- [How to complete this task]:
From the line containing "Maileg Mouse With Bag - Little Sister" to the end of the records, print every line exactly, both ends included, and leave out the pictures.

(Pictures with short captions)
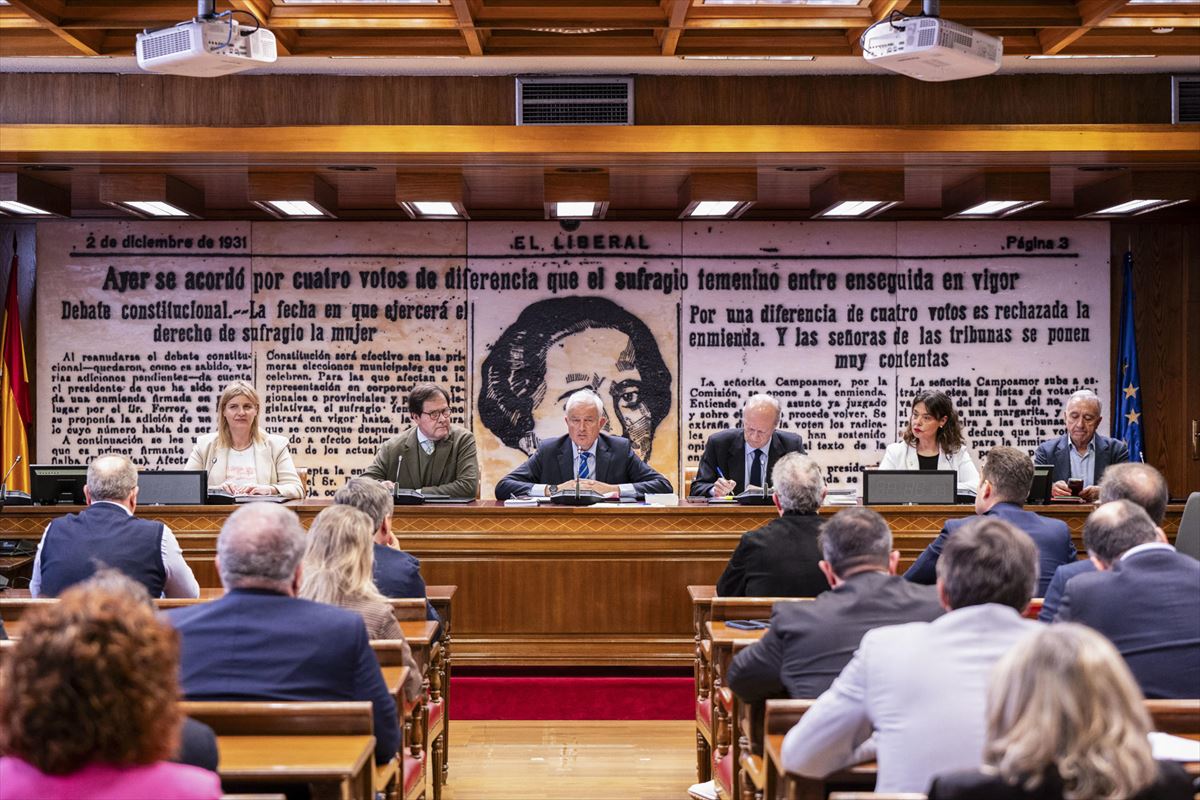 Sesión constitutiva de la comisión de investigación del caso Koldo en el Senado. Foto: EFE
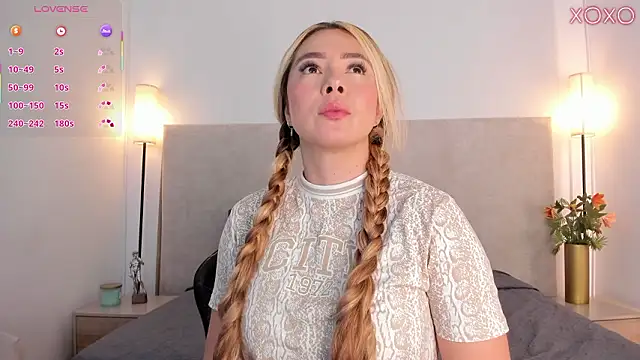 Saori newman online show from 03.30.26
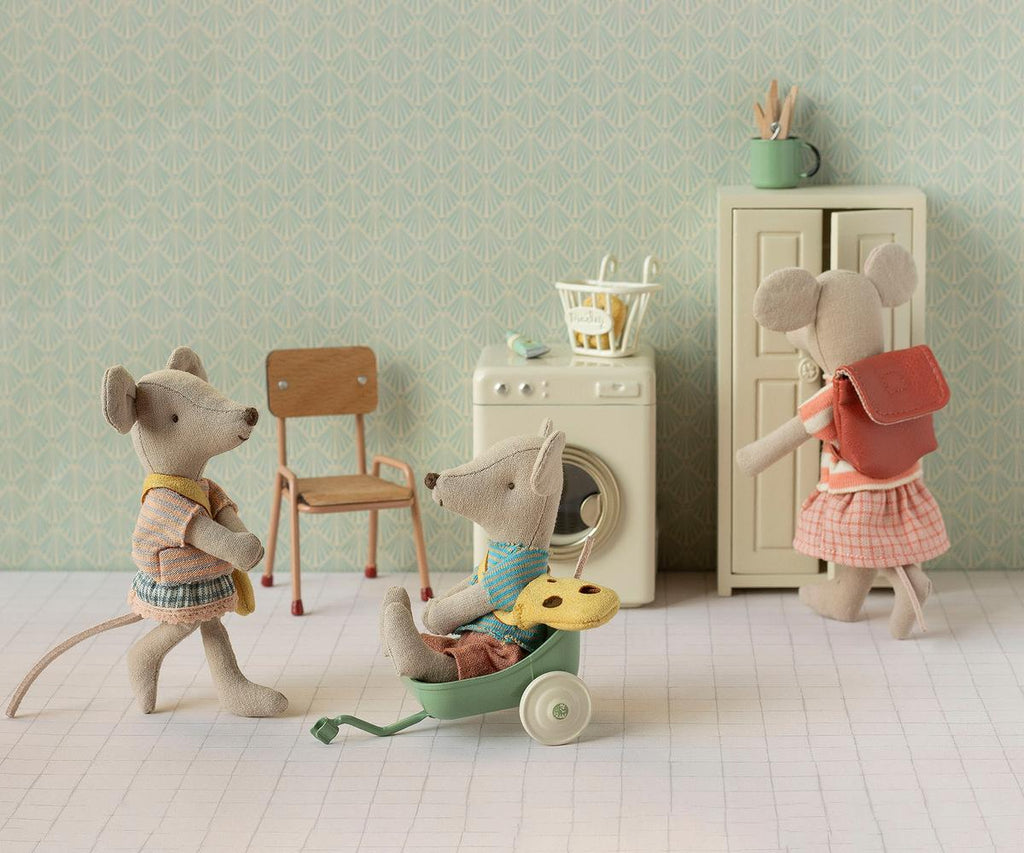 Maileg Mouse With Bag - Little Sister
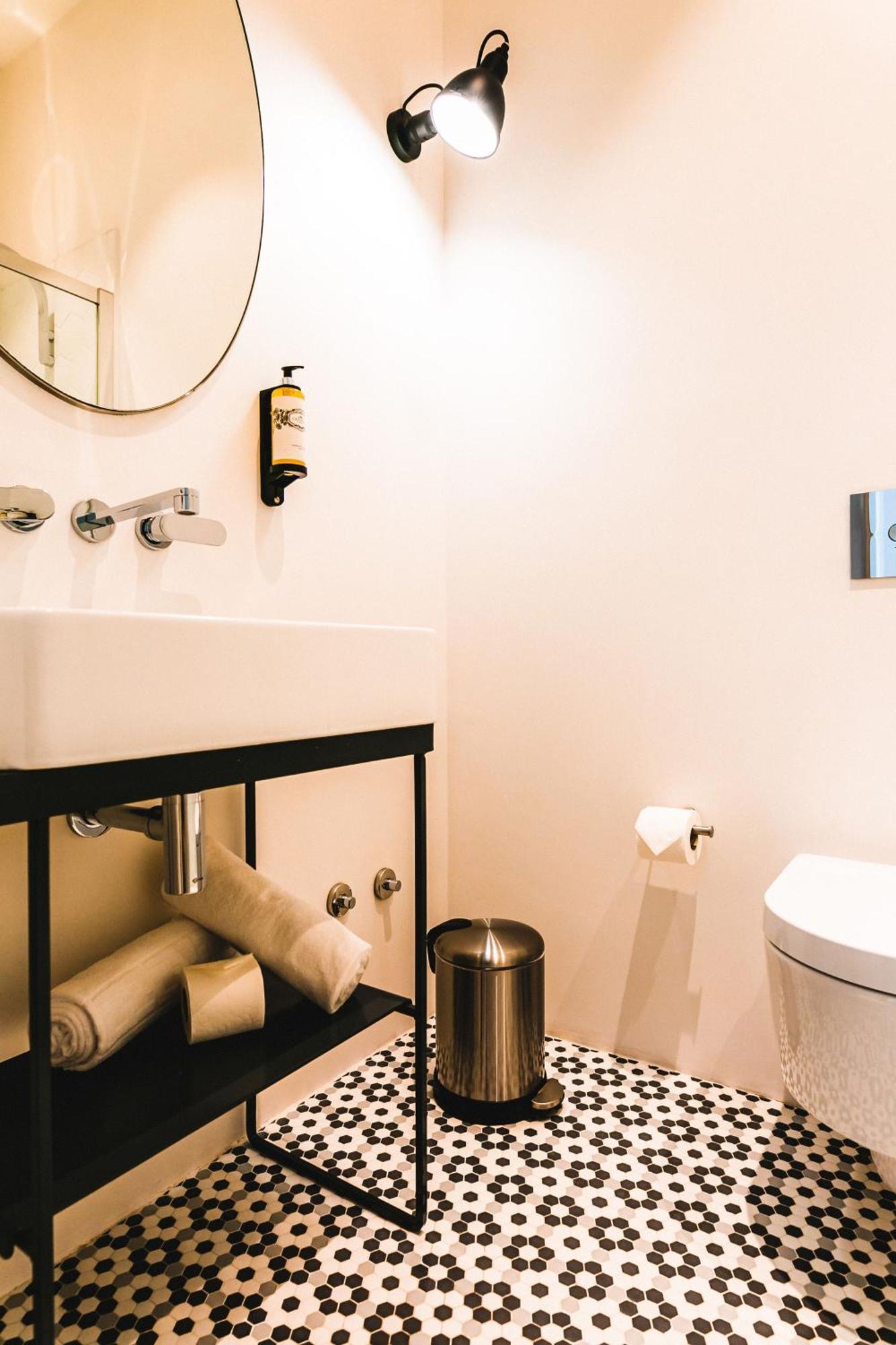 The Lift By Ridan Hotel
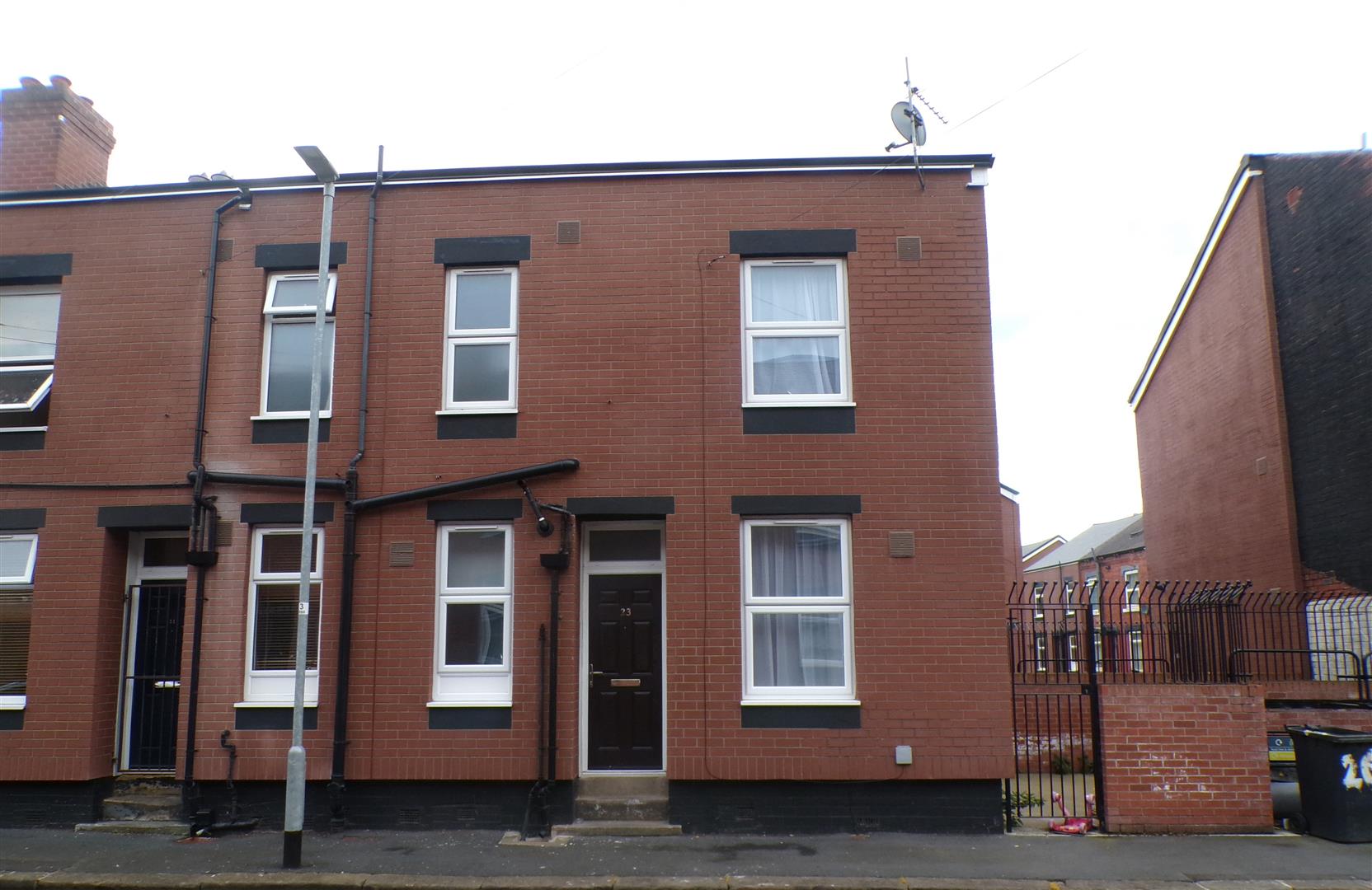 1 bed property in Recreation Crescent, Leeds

- [Response area]:
 Maileg Mouse With Bag - Little Sister
 The Lift By Ridan Hotel
 1 bed property in Recreation Crescent, Leeds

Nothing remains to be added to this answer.